Introduction In 2005, competency based training was introduced into the curriculum of the postgraduate training of Dutch medical residents. The role as manager is one of the seven competencies and, compared to the other roles, it is presently thought to receive little attention during training. The goal of this study was to investigate medical residents' understanding of this competency and how they perceive their role as manager.

Methods In October 2009, 506 residents from different specialties in four teaching hospitals were invited via email to participate in the study.
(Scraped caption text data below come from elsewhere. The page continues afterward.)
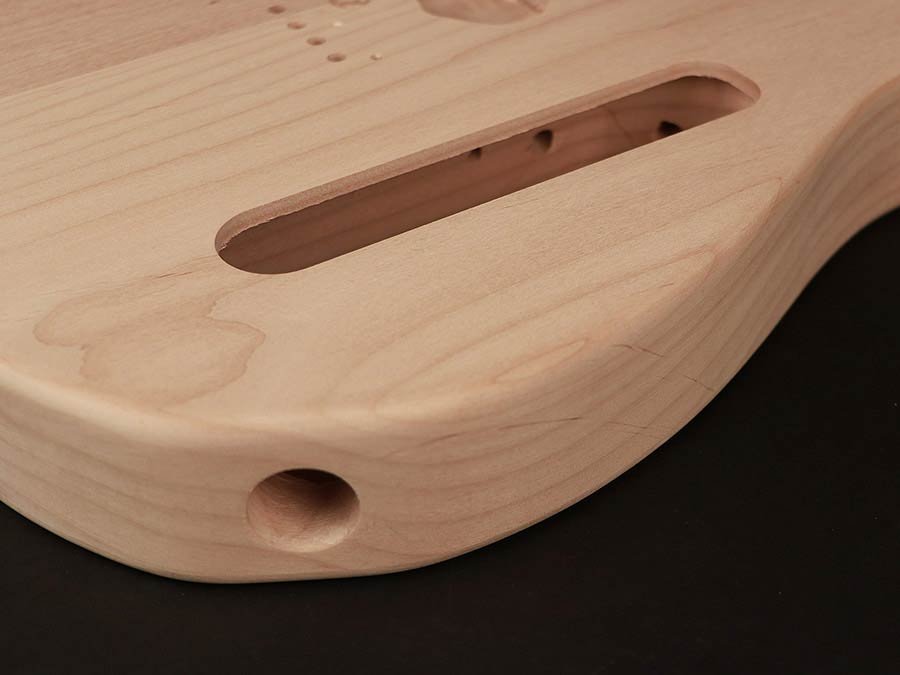vintage body, Teaser (made in Japan), 2 piece alder, chambered/hollow with no f-hole - Afbeelding 4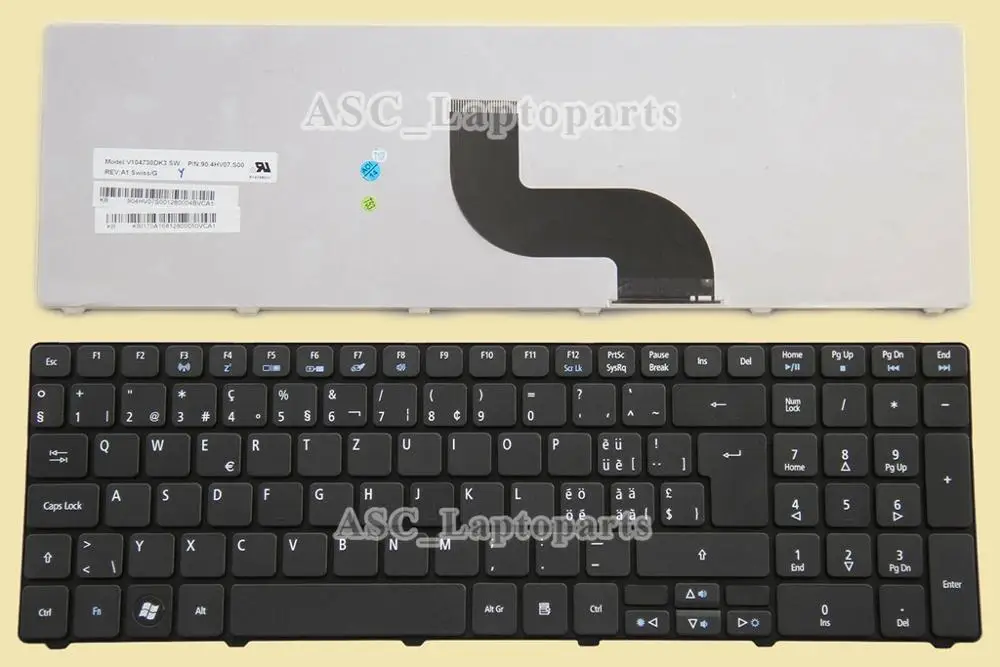 New Swiss German CH Tastatur / Israel Hebrew Keyboard for ACER ASPIRE 5342 5249 5340 5360 5349 5350 5410 5410t 5820 5739 5739G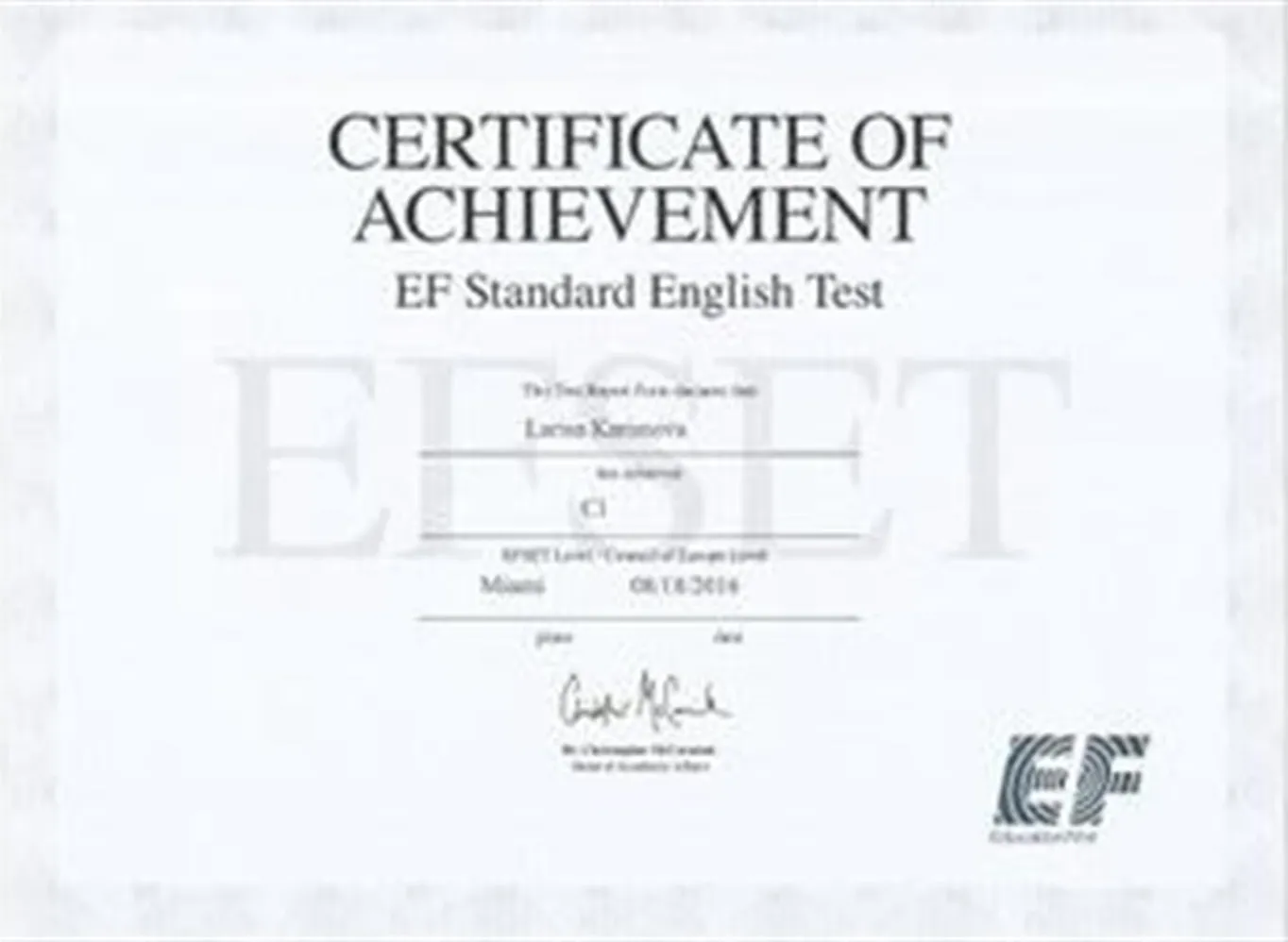 EFSET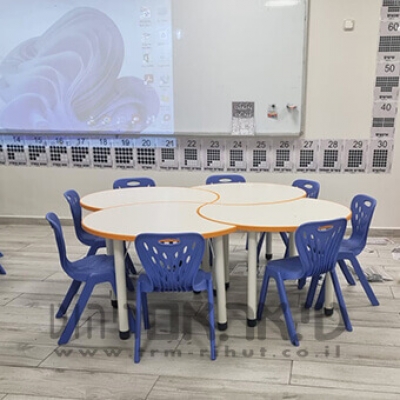 שולחן בית ספר, שולחן מודולרי, שולחן דגם סהר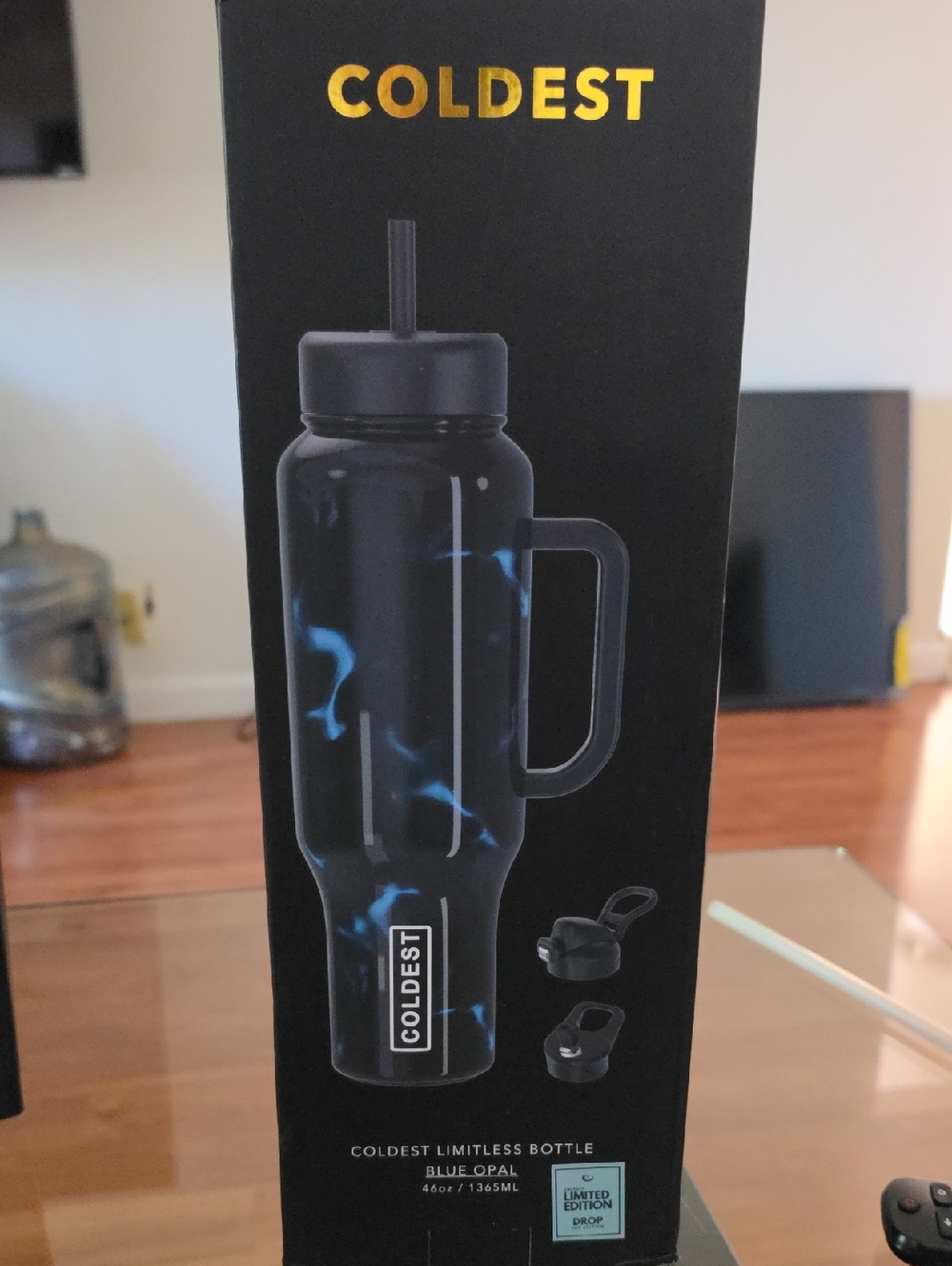 46 Oz Coldest Limitless Bottle - Blue Opal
A 29-item Likert scale questionnaire was designed to investigate residents perceived healthcare management skills and knowledge in four management areas.

Results 177 of 506 residents (35%) responded to the survey. More than half of the residents (106/177, 60%) did not feel confident in their (contract) negotiating skills and 56% (98/175) stated that they lacked sufficient knowledge of how the Dutch healthcare system is financed and organised. The residents were most confident in their ability to handle feedback (151/177, 85%), medical information data registration (168/173, 97%), and how to allocate healthcare resources based on evidence based principles (143/173, 83%).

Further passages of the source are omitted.